To investigate the optimum value of \({\lambda }\) introduced in \(L_{2n}\), we conduct multiple trials with \({\lambda }\) as the only varying parameter (Fig. 3). Within a certain range of \(\lambda \), there is a clear enhancement of the average dice coefficient for whole tumor and tumor core, whose optimum values are achieved at \(\lambda =0.1\) and \(\lambda =0.075\), respectively. Passing over the optimum point, we can see a clear decline in the average dice coefficient for both. The average dice coefficient of enhancing tumor fluctuates with \(\lambda \), but its highest peak is at \(\lambda =0.1\), which is very close to the optimal \(\lambda \)’s of whole tumor and tumor core. We hence choose \(\lambda =0.1\) for our proposed network. Detailed segmentation results for the validation set, with and without domain adaptation, are shown in Table 1, Phase 1 and Phase 2a, respectively.

Table 1. Segmentation results on validation data
Fig. 4.
figure 4

Ensemble of models. Examples are from the patient “Brats18_CBICA_ALV_1”. The numbers above each sub-figure are the dice coefficients of whole tumor for that patient.

4.2 Results of Mean Dice Score and Survival Prediction

The prediction results of the validation set after XGBoost and postprocessing are the best, as shown in the final row (i.e., XGBoost+Postprocessing of Table 1). According to the Wilcoxon signed-rank test, its Dice scores are significantly larger than those in phases 1 (in the 1st row), whose p-values are less than 0.048, \(4\times 10^{-5}\), and \(3\times 10^{-4}\), for ET, WT and TC, respectively. We use an example from the validation dataset to illustrate the improvement of ensemble in Fig. 4. The prediction results of the patients’ survival time for the validation set are shown in Table 2.
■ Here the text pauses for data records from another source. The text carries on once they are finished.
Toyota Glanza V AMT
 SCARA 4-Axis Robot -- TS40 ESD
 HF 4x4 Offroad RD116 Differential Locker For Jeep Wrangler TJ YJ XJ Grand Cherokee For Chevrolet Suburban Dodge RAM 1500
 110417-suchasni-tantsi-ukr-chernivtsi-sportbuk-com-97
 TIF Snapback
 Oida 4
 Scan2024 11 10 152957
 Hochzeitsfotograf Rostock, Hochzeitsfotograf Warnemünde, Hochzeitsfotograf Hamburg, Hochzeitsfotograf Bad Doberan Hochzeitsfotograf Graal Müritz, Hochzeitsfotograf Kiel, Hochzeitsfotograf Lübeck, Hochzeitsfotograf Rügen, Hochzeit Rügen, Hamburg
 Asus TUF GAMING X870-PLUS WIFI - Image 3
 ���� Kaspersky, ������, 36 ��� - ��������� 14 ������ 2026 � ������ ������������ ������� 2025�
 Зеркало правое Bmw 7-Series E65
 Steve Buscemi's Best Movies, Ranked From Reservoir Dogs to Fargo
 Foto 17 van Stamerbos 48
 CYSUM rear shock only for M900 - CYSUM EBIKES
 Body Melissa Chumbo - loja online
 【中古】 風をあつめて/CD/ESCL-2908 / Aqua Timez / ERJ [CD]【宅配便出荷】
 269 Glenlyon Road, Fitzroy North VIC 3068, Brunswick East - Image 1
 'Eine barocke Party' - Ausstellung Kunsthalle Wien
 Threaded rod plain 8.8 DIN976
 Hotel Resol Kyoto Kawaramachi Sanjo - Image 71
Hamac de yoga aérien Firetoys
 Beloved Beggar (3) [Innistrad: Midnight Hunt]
Table 2. The prediction result on validation data

5 Conclusion

We presented our contribution to the BraTS 2018 challenge in this paper. We developed a deep learning approach for the tumor segmentation by combining a modified U-Net and the DAU-Net. Both models were trained with extensive data augmentation. We applied the XGBoost procedure to ensemble our image segmentation predictions. The ensemble of the 9 top-performing models outperformed each individual model on validation data. Due to time constraints, we did not explore the effect of domain adaptation on feature learning, which can explain the improvement on performance. How domain adaptation regulates feature learning will be a promising research topic that sheds lights on a better design of data augmentation as well as a preprocessing pipeline. Moreover, we tried a few ways of defining domains, including dividing the data by gliomas’ grades and data source, but have not yet developed a common standard for automatic domain split with good interpretability. Keeping in mind that it is hard to train an effective domain classifier by dividing a small dataset into groups, we also expect the model to have a better result with the introduction of external data. In this case, the data naturally come from different domains. Besides, we tried different hyperparameters in our postprocessing to make improvement of Dice performance on validation dataset, which may cause overfitting.

For survival prediction, we extracted radiomic features based on the segmentation results, but did not include deep-learning features together, due to time constraints. Neural networks for predictions can usually outperform the traditional prediction methods [16], which is worth further exploration.